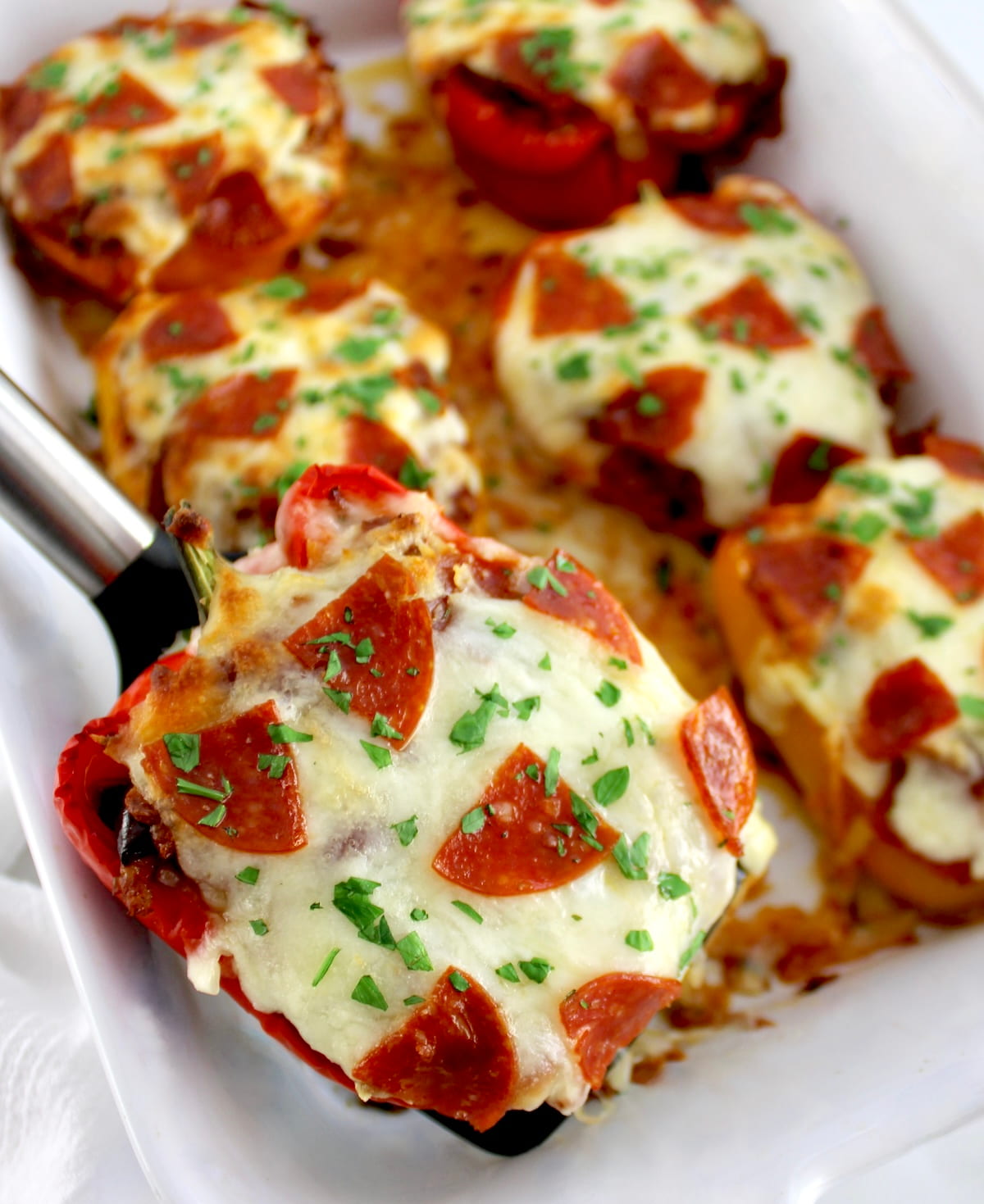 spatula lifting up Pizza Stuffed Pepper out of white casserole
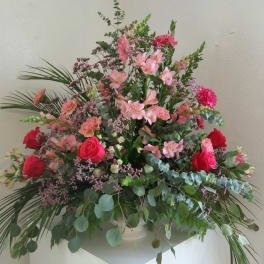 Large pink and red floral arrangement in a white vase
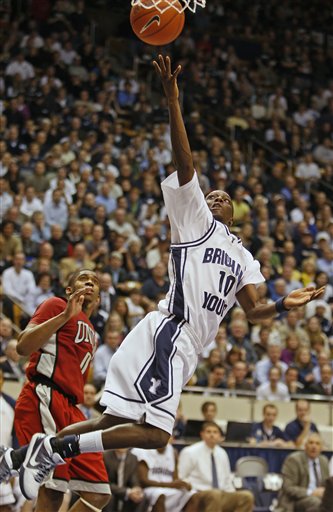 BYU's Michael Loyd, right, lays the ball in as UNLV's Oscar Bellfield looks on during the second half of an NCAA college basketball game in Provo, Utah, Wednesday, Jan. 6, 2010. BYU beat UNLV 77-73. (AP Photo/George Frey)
+--
# Task objective:
Restate every line above exactly, omitting images.

# Answer area:
 spatula lifting up Pizza Stuffed Pepper out of white casserole
 Large pink and red floral arrangement in a white vase
 BYU's Michael Loyd, right, lays the ball in as UNLV's Oscar Bellfield looks on during the second half of an NCAA college basketball game in Provo, Utah, Wednesday, Jan. 6, 2010. BYU beat UNLV 77-73. (AP Photo/George Frey)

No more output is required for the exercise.